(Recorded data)
☆ ☆ ☆ ☆ ☆ ☆ ☆
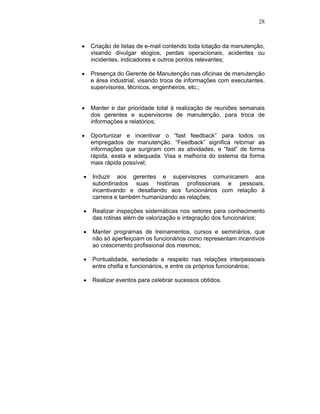 28
Criação de listas de e-mail contendo toda lotação da manutenção,
visando divulgar elogios, perdas operacionais, acidentes ou
incidentes, indicadores e outros pontos relevantes;
Presença do Gerente de Manutenção nas oficinas de manutenção
e área industrial, visando troca de informações com executantes,
supervisores, técnicos, engenheiros, etc.;
Manter e dar prioridade total à realização de reuniões semanais
dos gerentes e supervisores de manutenção, para troca de
informações e relatórios;
Oportunizar e incentivar o “fast feedback” para todos os
empregados de manutenção. “Feedback” significa retornar as
informações que surgiram com as atividades, e “fast” de forma
rápida, exata e adequada. Visa a melhoria do sistema da forma
mais rápida possível;
Induzir aos gerentes e supervisores comunicarem aos
subordinados suas histórias profissionais e pessoais,
incentivando e desafiando aos funcionários com relação à
carreira e também humanizando as relações;
Realizar inspeções sistemáticas nos setores para conhecimento
das rotinas além de valorização e integração dos funcionários;
Manter programas de treinamentos, cursos e seminários, que
não só aperfeiçoam os funcionários como representam incentivos
ao crescimento profissional dos mesmos;
Pontualidade, seriedade e respeito nas relações interpessoais
entre chefia e funcionários, e entre os próprios funcionários;
Realizar eventos para celebrar sucessos obtidos.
☆ ☆ ☆ ☆ ☆ ☆ ☆
**What to produce**
Your copy of the records above should be exact and contain no pictures.

**Your response**
 28
Criação de listas de e-mail contendo toda lotação da manutenção,
visando divulgar elogios, perdas operacionais, acidentes ou
incidentes, indicadores e outros pontos relevantes;
Presença do Gerente de Manutenção nas oficinas de manutenção
e área industrial, visando troca de informações com executantes,
supervisores, técnicos, engenheiros, etc.;
Manter e dar prioridade total à realização de reuniões semanais
dos gerentes e supervisores de manutenção, para troca de
informações e relatórios;
Oportunizar e incentivar o “fast feedback” para todos os
empregados de manutenção. “Feedback” significa retornar as
informações que surgiram com as atividades, e “fast” de forma
rápida, exata e adequada. Visa a melhoria do sistema da forma
mais rápida possível;
Induzir aos gerentes e supervisores comunicarem aos
subordinados suas histórias profissionais e pessoais,
incentivando e desafiando aos funcionários com relação à
carreira e também humanizando as relações;
Realizar inspeções sistemáticas nos setores para conhecimento
das rotinas além de valorização e integração dos funcionários;
Manter programas de treinamentos, cursos e seminários, que
não só aperfeiçoam os funcionários como representam incentivos
ao crescimento profissional dos mesmos;
Pontualidade, seriedade e respeito nas relações interpessoais
entre chefia e funcionários, e entre os próprios funcionários;
Realizar eventos para celebrar sucessos obtidos.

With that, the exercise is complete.